The impedance matching means 27 comprises a metal waveguide tuning stub 31 secured to the wall 20 of the waveguide member 19 by a suitable means such as rivet 32. The stub 31 comprises a cylindrical member depending from the top wall transversely to the waveguide path 25 and, as seen in FIG. 2, is located substantially on the longitudinal centerline 33 of the waveguide. As shown in FIG. 3, the stub extends approximately one-half the height of the waveguide path 25 and is sized and located accurately so as to locate the impedance locus of the cavity looking into the waveguide longitudinally along the centerline 33 from the magnetron end of the waveguide for optimum power and efficiency of operation of the generating means 17.
The tuning stub provides a reactive impedance substantially without a resistance component.
As shown in FIG. 3, the impedance matching means 27 is disposed intermediate the rear opening 22 of the waveguide and the inlet opening 23. The fixed deflector means 28, as shown in FIG. 2, is defined by an L-shaped plate member 34 having a mounting flange 35 secured to the oven cavity wall 24 by suitable means such as rivets 36 which may further serve to secure the waveguide to the top wall 24, as illustrated in FIG. 4.
Plate member 34 includes a first portion 37 extending downwardly from the wall 24 generally perpendicularly thereto, and a second portion 38 carried at the lower end of the first portion 37 to extend generally horizontally transversely below and in spaced relationship to the inlet opening 23. Thus, as shown in FIGS. 3 and 4, the fixed deflector member 28 effectively defines means for preventing direct illumination of the oven cavity 15 by the microwave energy delivered through the inlet opening 23 from the waveguide path 25. In the illustrated embodiment, as best seen in FIG. 2, the lateral extent of the deflector portion 38 is less than the lateral extent of the inlet opening.

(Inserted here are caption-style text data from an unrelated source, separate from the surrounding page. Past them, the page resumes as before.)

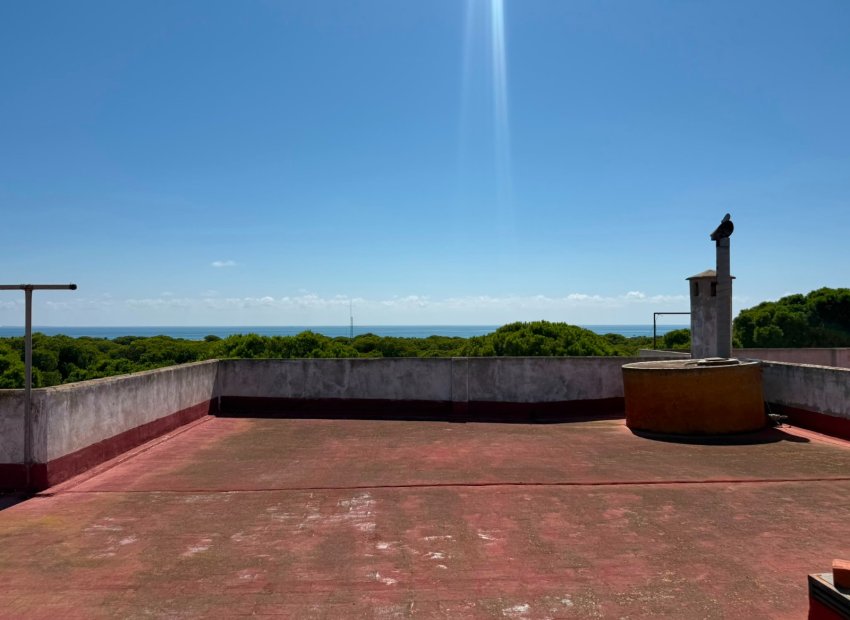 Herverkoop - Apartments - Flats - Guardamar del Segura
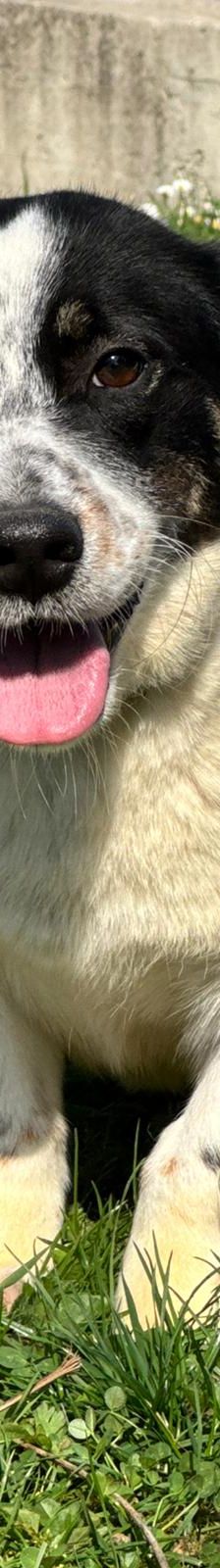 Dottie – Mischling, Weibchen, 1 Jahr 9 Monate, Nordic Strays e.V. – Foto 2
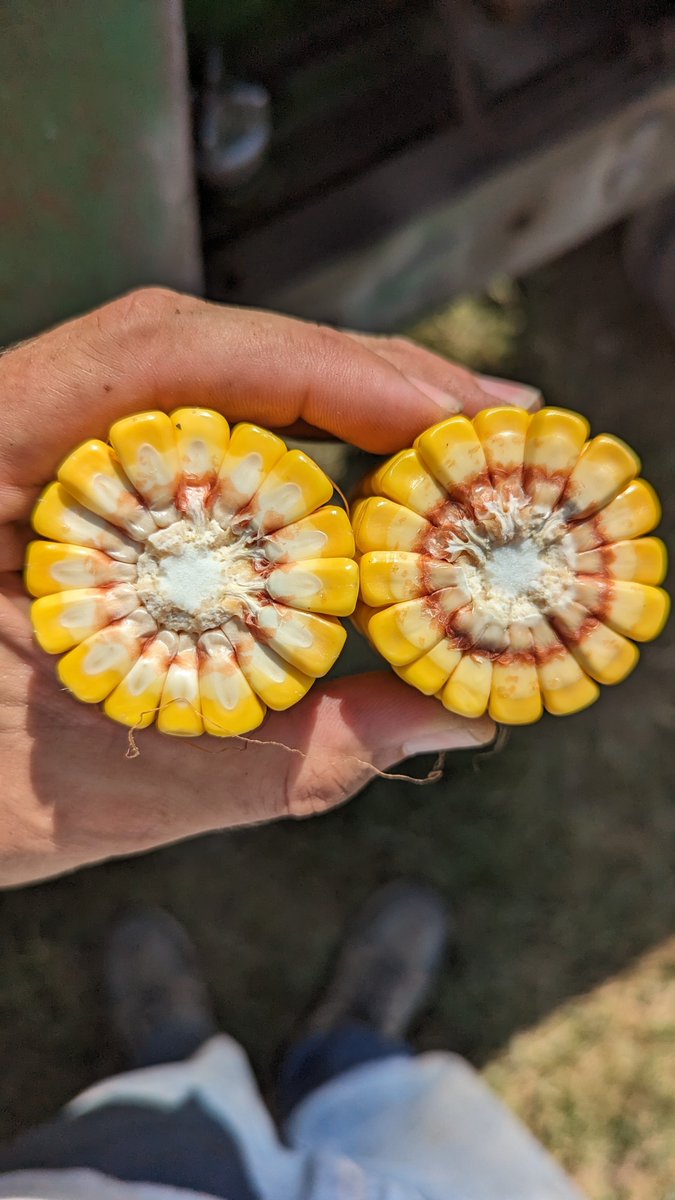 Probably not supposed to show this.  Hog manure for early N, 20 gal of 32% at sidedress and been super dry.  Small kernels.  Planted May 11th.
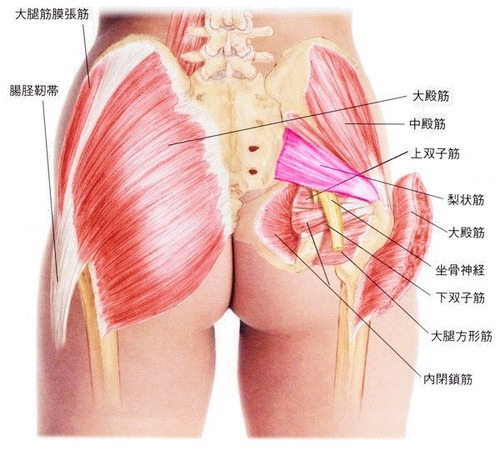 $歪み/内臓/自律神経を整える【整体Re:Body!(リボディ)|大阪心斎橋】で自然治癒力UP。-梨状筋 ヘルニア 坐骨神経痛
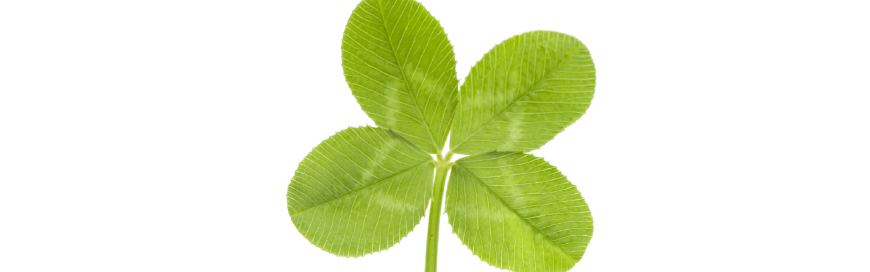 4clover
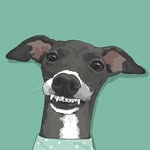 ITALIANGREYHOUND MARC
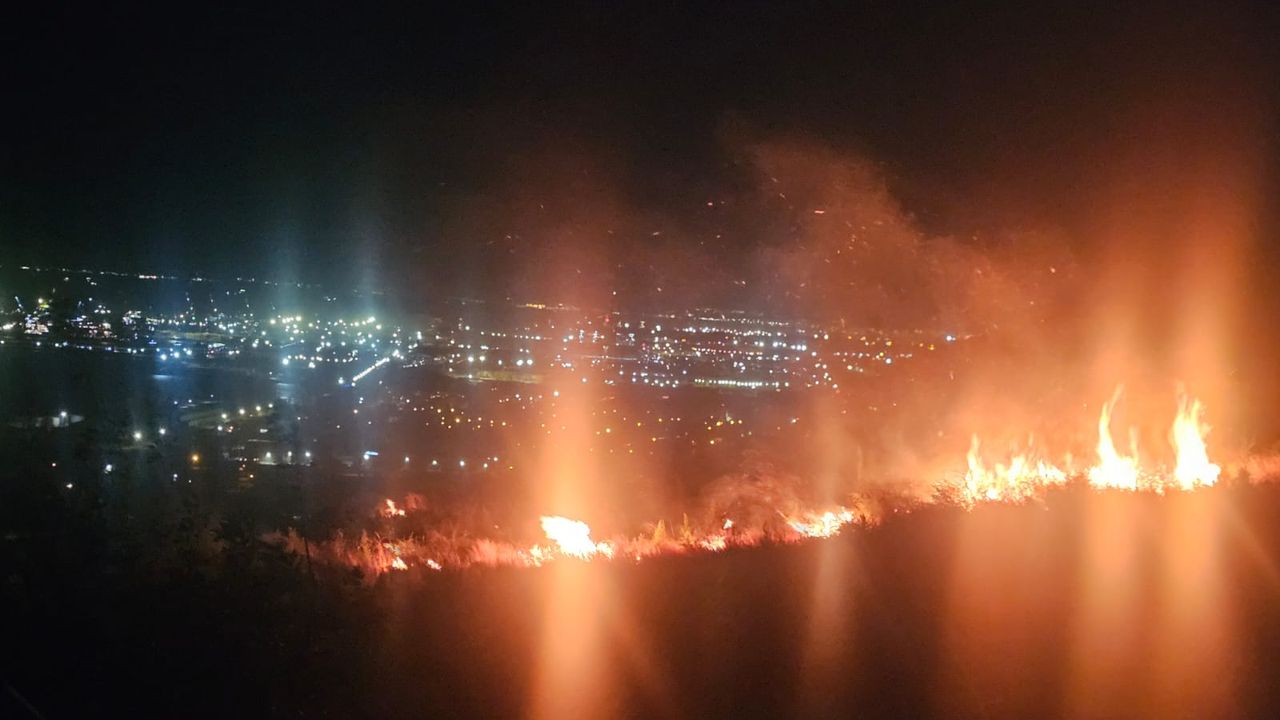 İskenderun’da Orman Örtüsü Yangını Korkuttu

As further shown in FIGS. 2, 3 and 4, the movable deflecting means 29 is defined by a paddle 39 carried on a suitable shaft 40 which may be rotated by a suitable motor 41. As shown in FIG. 3, the paddle blades are aligned flatwise generally with the horizontal extent of the fixed deflector wall member portion 38 and, thus, cooperate with the deflector wall member 34 in providing a distributed delivery of the microwave energy into the oven cavity 15 in the normal use of the microwave oven.
The invention comprehends the cooperation of the system means 27, 28 and 29 in the operation of the microwave oven to provide an unexpected improved efficiency and distribution of microwave energy in the oven. The structural elements of means 27, 28 and 29 are sized and located to provide the desired optimization of the efficiency and uniformity of distribution. Thus, improved utilization of the input energy to the generating means 17 is realized providing highly desirable conservation of energy resources in effecting the heating of objects such as food products in the microwave oven.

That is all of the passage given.